A star doesn't need to know or understand its own gravity in order to have gravity. It has gravity simply by virtue of having mass. No one created the gravity of a star. It's a natural consequence of its physiology. Everything in nature is the same way. Everything has traits that interact based on the laws of physics. If you're telling me God created life by speaking it into existence but that life is based on cells and those cells have tiny engines inside and a tiny computer and database inside, I'd say your mode of creation (magic) doesn't fit with the logical nature of creation itself.

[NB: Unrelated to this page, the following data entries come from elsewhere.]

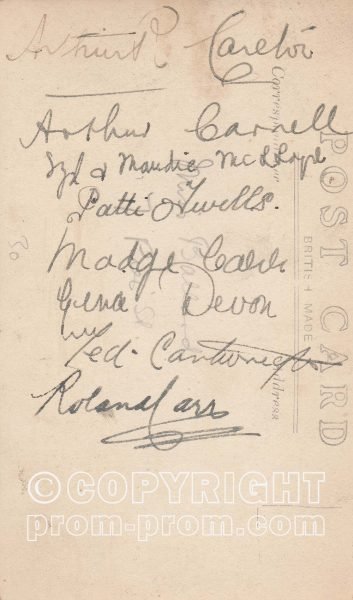 Postcard Ellison's Entertainers, Aberystwyth, 1919 (back)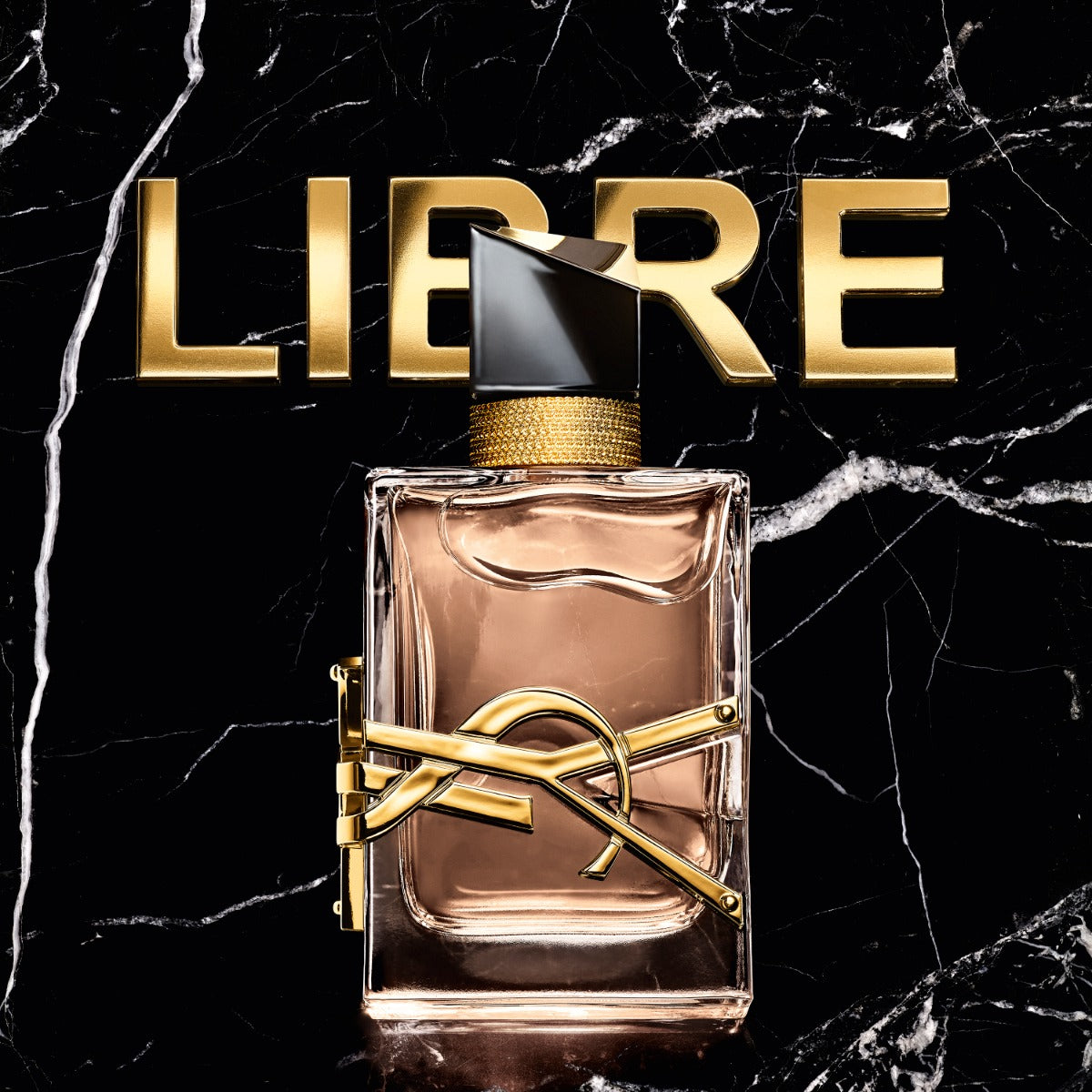 Yves Saint Laurent Libre Flowers and Flames 90ml perfume bottle with floral and fiery design.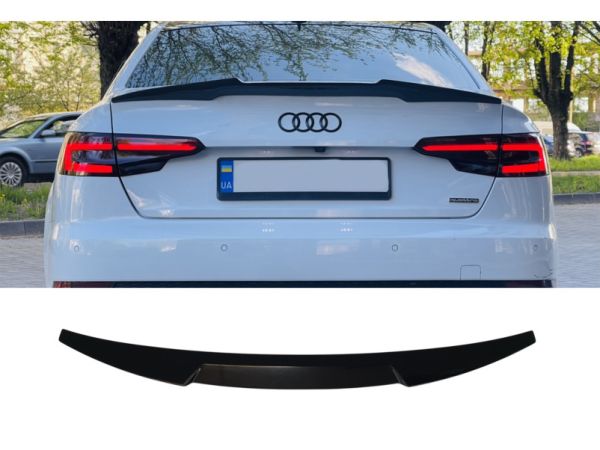 Спойлер Черный глянец V1 на Audi A4 B9 2015-2019 года
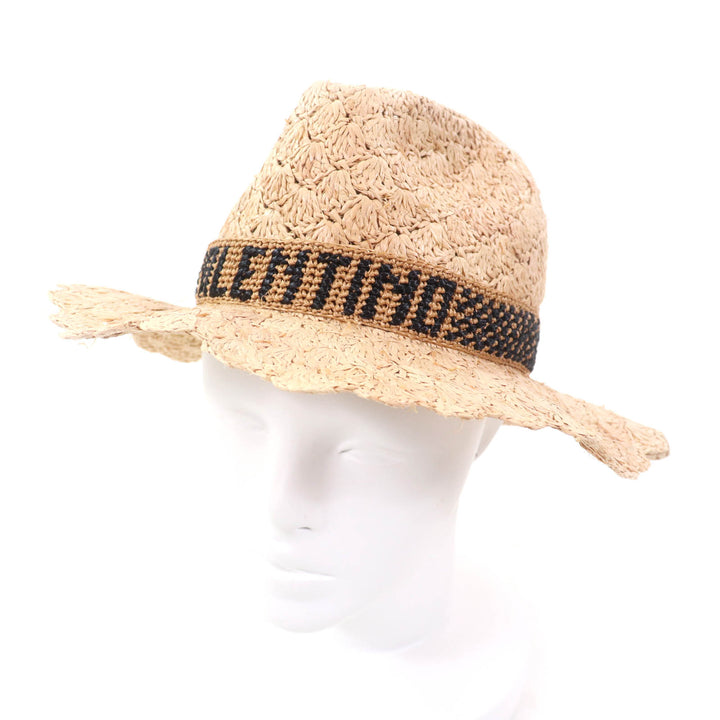 Pristine Valentino Borsalino hat Panama hat with embroidered logo natural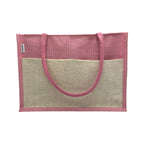 JUTEKA Multicolor spacious Jute Bag with Zipper Closure, Full Size Front Pocket and Large Handles… (Baby Pink)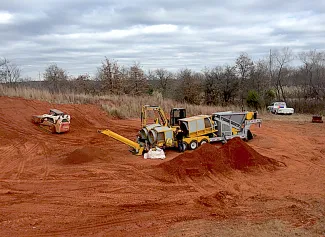 A specialized machine is used to remove lead fragments from the soil at the Lexington Wildlife Management Area's shooting range. All 12 ranges on Wildlife Department areas are scheduled to be renovated in the coming years.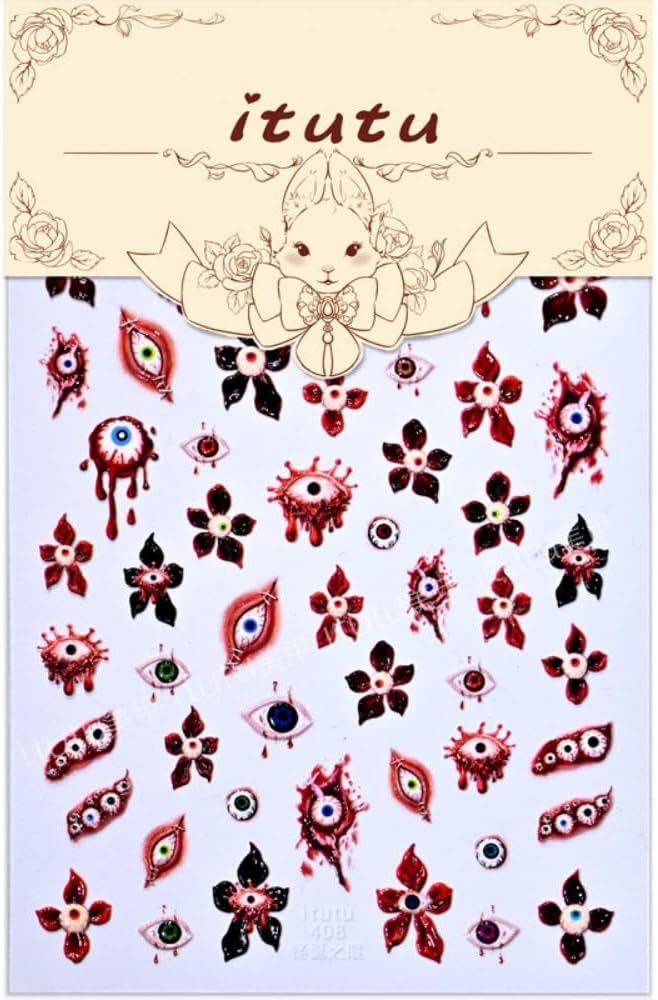 1 Sheet Halloween Nail Stickers 3D Self Adhesive Flower Eyes Nail Art Stickers 5D Embossed Devil's Flower Nail Decals Glossy Red Black Nail Design Holiday Nail Art Supplies for Women Girls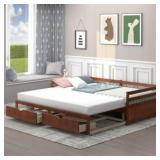 Costway Twin to King Daybed with 2 Drawers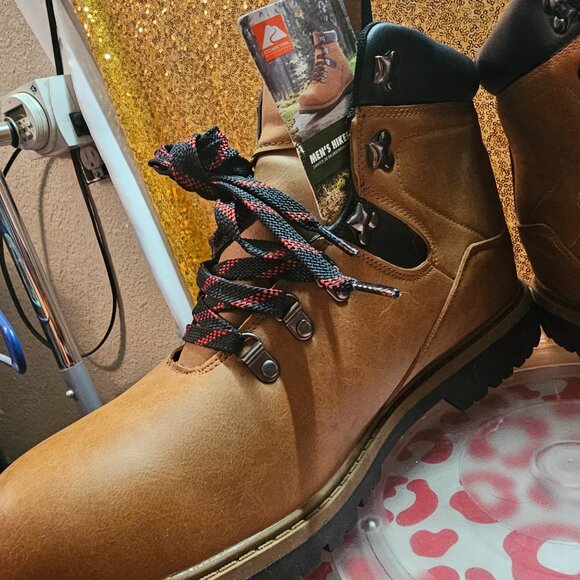 J OZARK TRAIL Red Lace Brown Waterproof Leather Hiking Boots Men's Size 13 NWT - Picture 9 of 11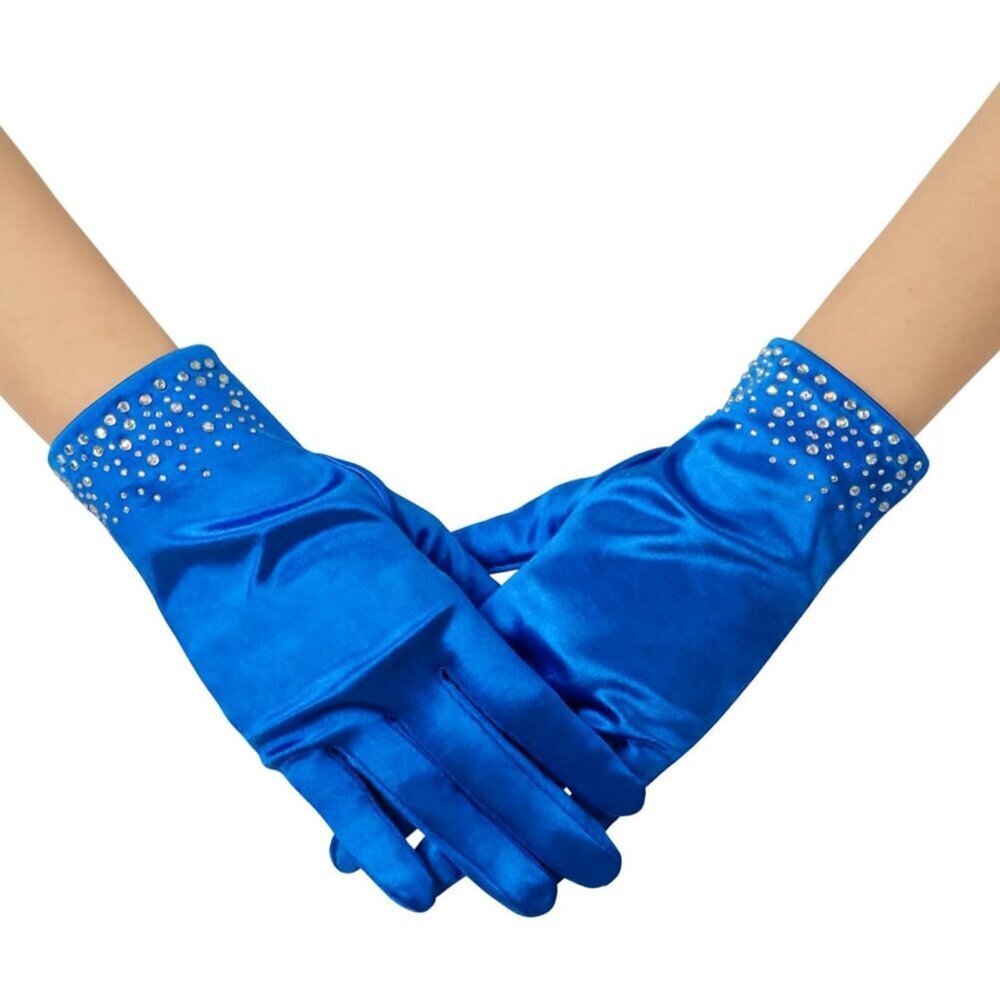 Women's Blue Sparkly Glitter Rhinestone Stretchy Satin Wrist Length Gloves - Picture 2 of 5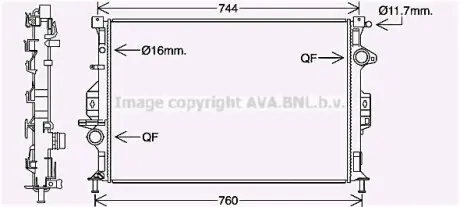 Радіатор охолодження двигуна AVA AVA COOLING FDA2425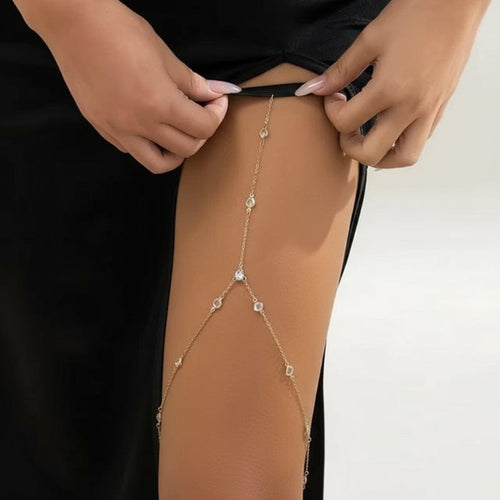 Boho Beach Hut Body Jewelry, Leg Jewelry, Thigh Jewelry, Beach Jewelry Multilayer Rhinestone Leg Chain Silver / One Size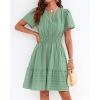 image:imageBTFBM Womens Spring 2026 Casual Mini Dresses Lightweight Short Sleeve V Neck Elastic Waist Cute Boho Beach Dress PocketsSage Green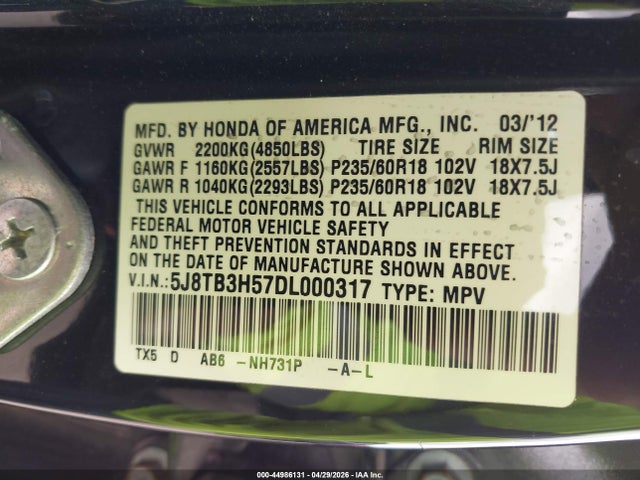 Продаж на аукціоні авто 2013 Acura Rdx, vin: 5J8TB3H57DL000317, номер лоту: 44986131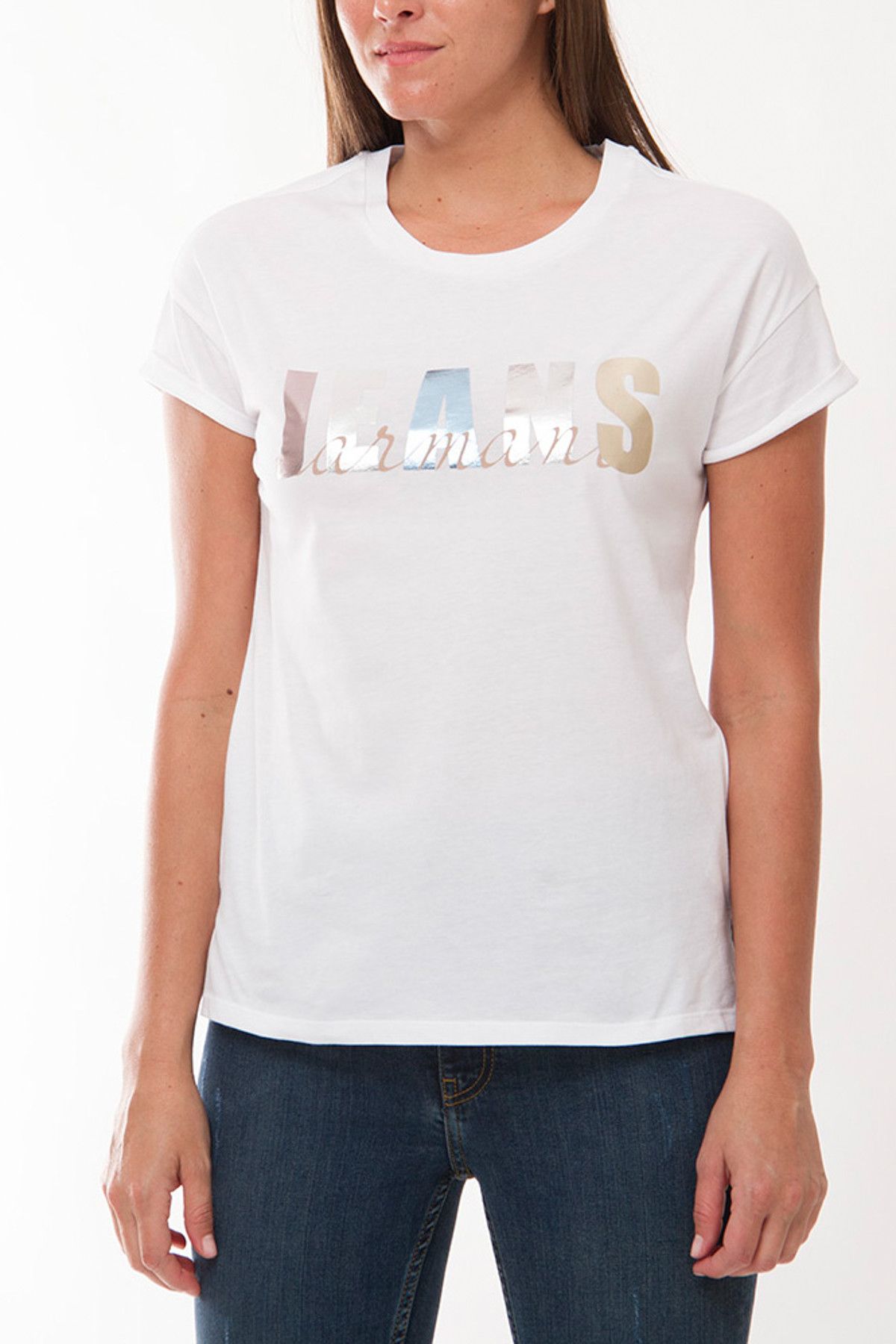 Armani Jeans Beyaz Kadın T-Shirt Ajw05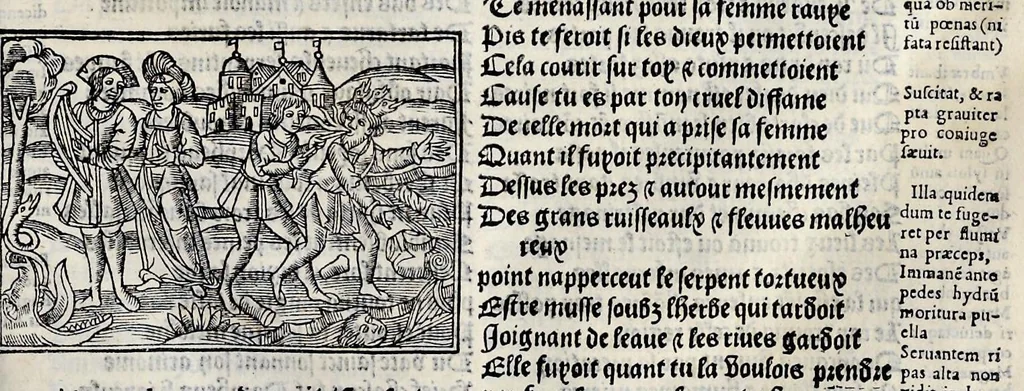 An illustration from Les oeuures de Virgile : translatees de latin en francoys, et nouuellement imprimees, veues et corrigees oultre les precedentes impressions : avec les histoires mises [et] posees chascune en son lieu, ainsi que lon pourra veoir dedans le liure, lesquelles sont moult recreatiues, 1540, leaf 152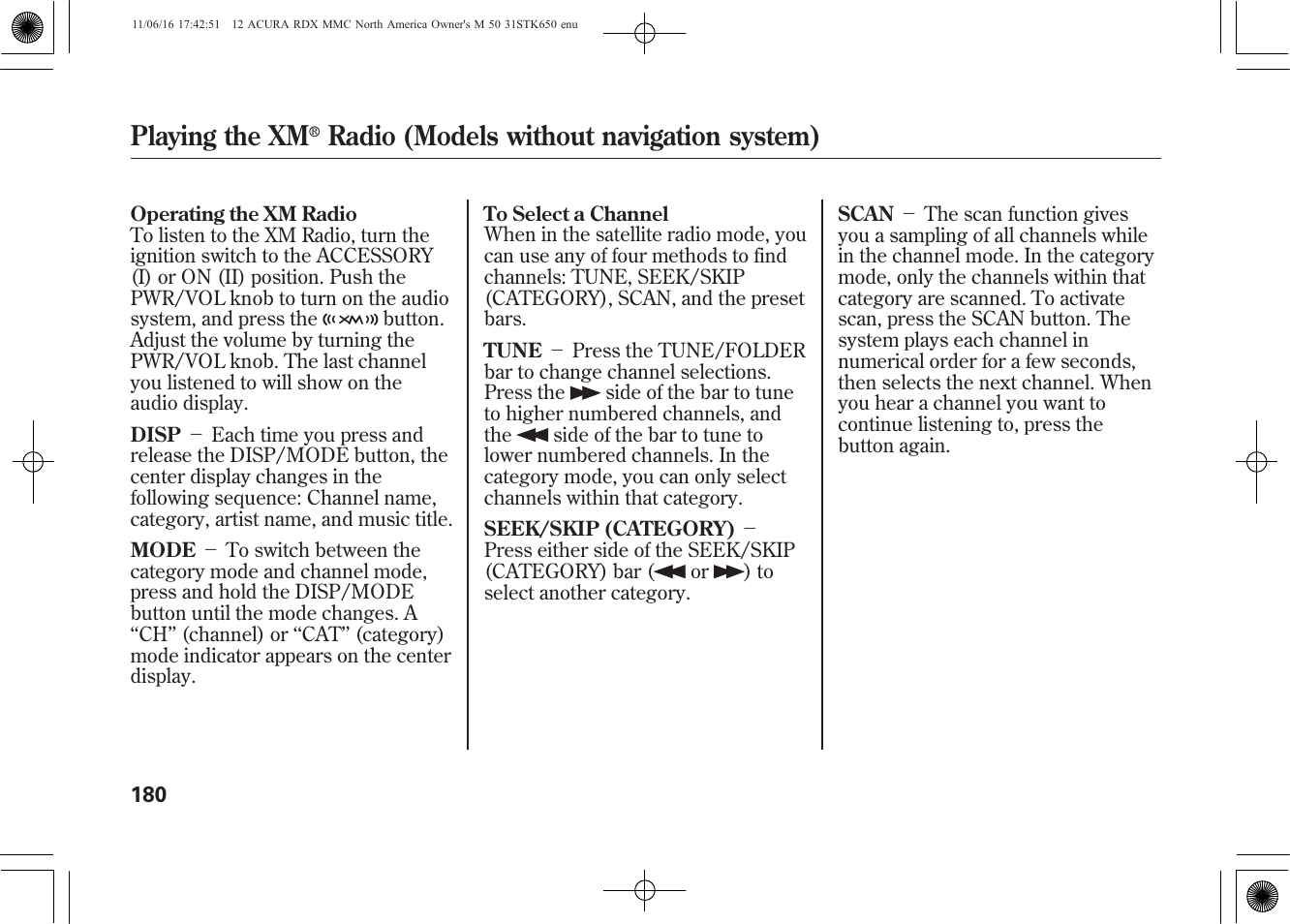 Playing the xm, Radio (models without navigation system) | Acura 2012 RDX User Manual | Page 186 / 518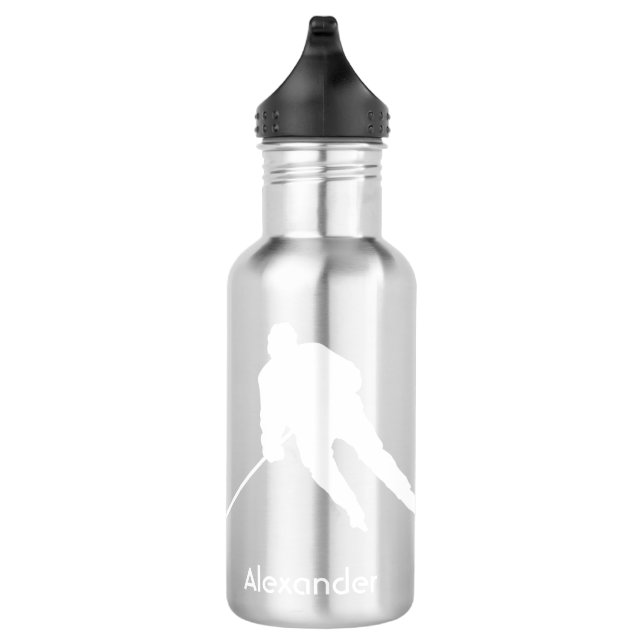 Ice Hockey water bottle player name black white (Right)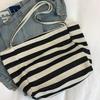 1Pcs Fashion Large Capacity Ladies Tote Handbags Simple Striped Women'S Canvas Casual Shoulder Bags Female Daily Shopping Bags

But this is, again, where the gaps come in. It's hard to imagine how that tiny computer got there. Because we're used to thinking in terms of artificial and mechanical systems; light switches. A single switch is very simple but add another switch and now its a system twice as complex. A single cell organism is very simple but add another cell and now its twice as complex. The complexity we experience is an integration on the macro scale of all these very tiny systems. Our own brains achieve consciousness, not by one lone neuron, but many working together. It is through that cooperation that complexity and design is achieved. When you have molecules working together they can connect in different patterns by virtue of their shape which creates points at which they are more likely to bond. Men and women... have "shapes" that create points at which we're more likely to bond. It all seems to be too much to conceive of and yet its not too much because one mind doesn't conceive of it all. It's an infinite number upon an infinite number of microscopic systems, all cooperating to achieve, not the whole world, but their own function. Each molecule in their air is unaware of its place in the "sky" just like each of your cells is unaware that it is part of your body. Earth is unaware of its place in the solar system; the solar system, the galaxy, the galaxy, the universe.
We're always trying to understand things by simplification. ONE GOD is the most simplistic answer you could possibly think of. But the universe as an infinite amount of matter with an infinite amount of possibilities. It is a system of systems of systems of systems of systems. Each system builds upon itself. And the more you can zoom out the more you see a different design that reflects both order and chaos.